Eu conheço. É uma história dentro das Primeiras Histórias que Guimarães Rosa escreveu.

Talvez porque ele tenha ambientado a sua narrativa nas proximidades de uma estação de trem e eu tenha vivido parte importante da minha vida junto a uma estação de trem, todas as vezes que eu a leio é a estação de trem de Arantina que vejo. E as pessoas que chegam para ver o embarque da mãe e da filha de Sôroco são pessoas que conheço. E quando Sorôco chega de braço dado com as duas eu vejo os três atravessando a ponte, mas não existe ponte na história. Mas eles vêm do lado da ponte e eu estou junto à multidão esperando e o trem já está lá embicado em direção a Andrelândia porque eles vão para Barbacena e é bom que se explique, Barbacena era para onde iam os doidos sem cura e de Arantina só se chega a Barbacena através de Andrelãndia, pelo menos era assim no tempo de minha vivência por lá. E nem importa que não exista trem de Andrelândia para Barbacena, que nunca tenha existido e que os caminhos de hoje sejam outros, mas eu não consigo criar um cenário diferente.

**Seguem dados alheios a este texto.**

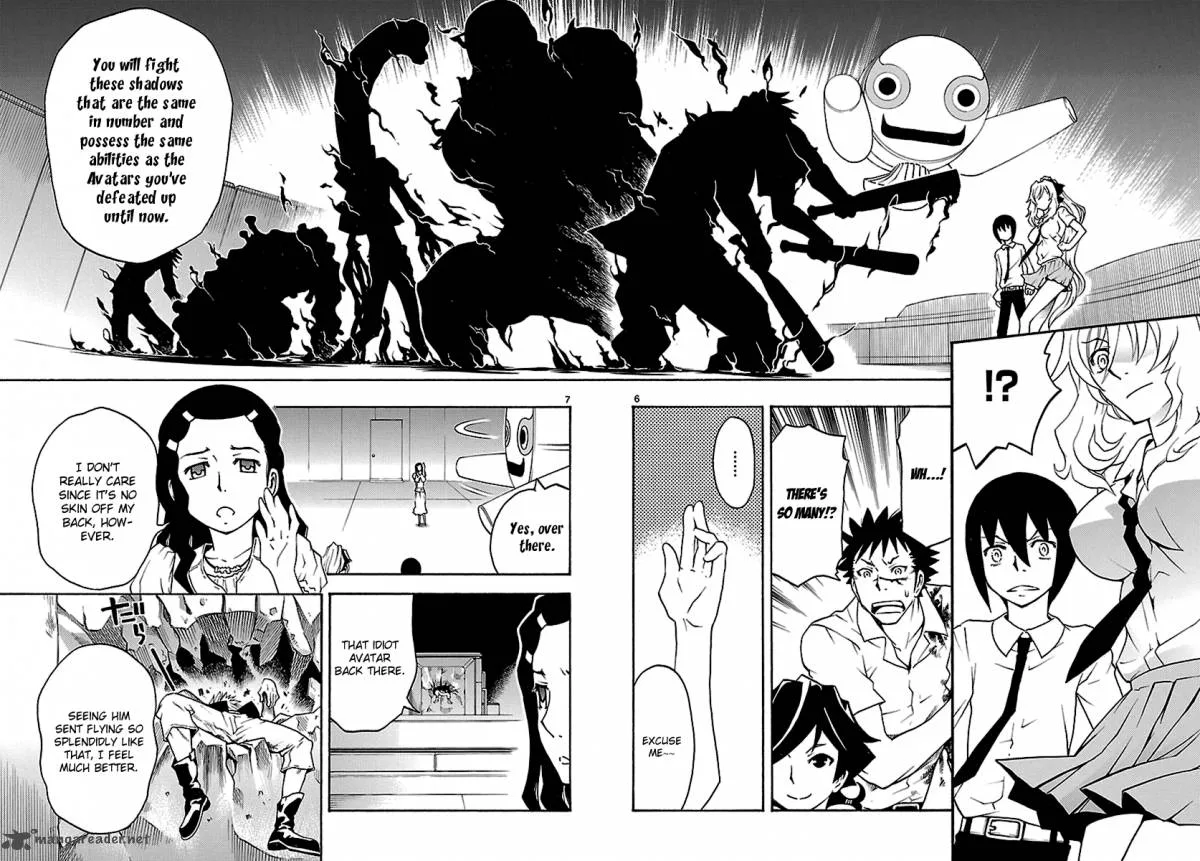 Popcorn Avatar Chapter 9 page 6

É tão triste a imagem que visualizo dos três chegando porque está na hora do embarque e elas vão para não mais voltar. Mas até aí eu agüento bem. Mesmo ouvindo as duas cantarem uma canção que não existe, a tristeza ainda não me faz chorar.

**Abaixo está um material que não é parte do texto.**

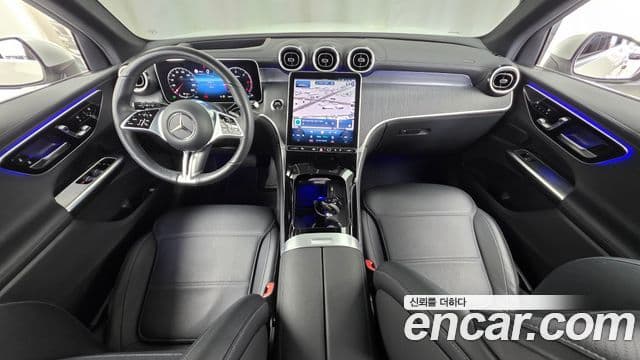 Mercedes-Benz GLC-Class 2023 — ფოტო 10/20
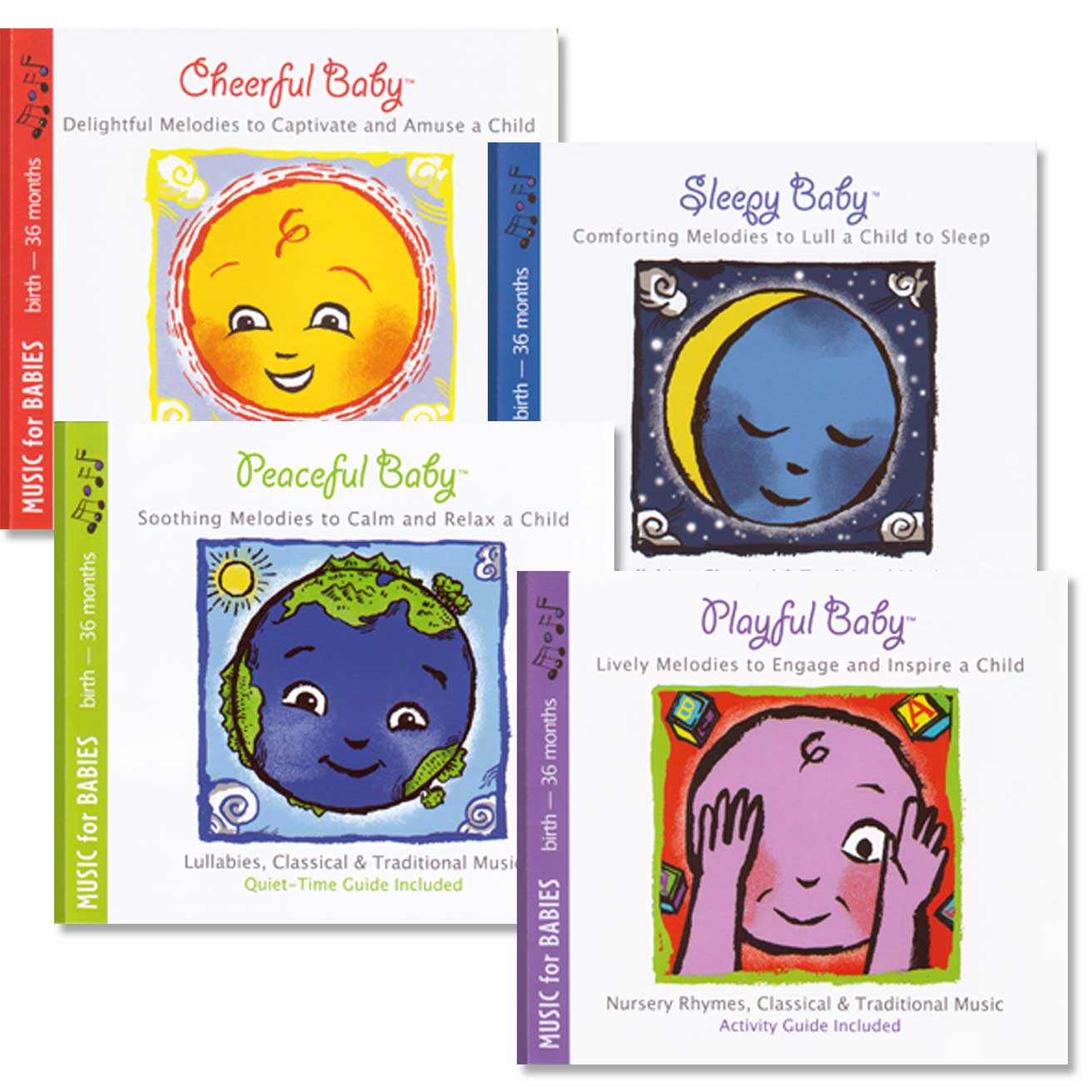 Music for Babies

E tudo vai acontecendo como em um filme já visto tantas vezes na vida que vivi: o trem apita e se vai e as pessoas voltam para suas casas conversando, coisas do dia a dia a qualquer hora que o trem passasse.

Mas aí Sorôco vira as costas e se vai e o trem com grades nas janelas nem mais tem importância, o trem já foi, o tempo de Sorôco, sua mãe, sua filha passou. Sorôco agora está só. Ele está só e ele canta, aquela mesma canção que nunca foi composta, a canção que ninguém entendia, mas que sua mãe e sua filha cantavam juntas e no canto ele coloca toda a sua dor, todo amor e solidão que está sentindo. E de repente todos o seguem cantando a mesma canção e na minha imaginação são as pessoas de Arantina que conheço que cantam e o seguem e eu começo a cantar também, cantar baixinho uma canção que desconheço. E enquanto meus olhos lacrimejam, sinto uma vontade estranha de ultrapassar aquela multidão e lhe dar o braço.

 

(texto escrito em homenagem ao maior escritor mineiro de todos os tempos, Guimarães Rosa, capaz de nos encantar até as lágrimas com a magia de suas palavras)

Antiga estação de Arantina, hoje desativada.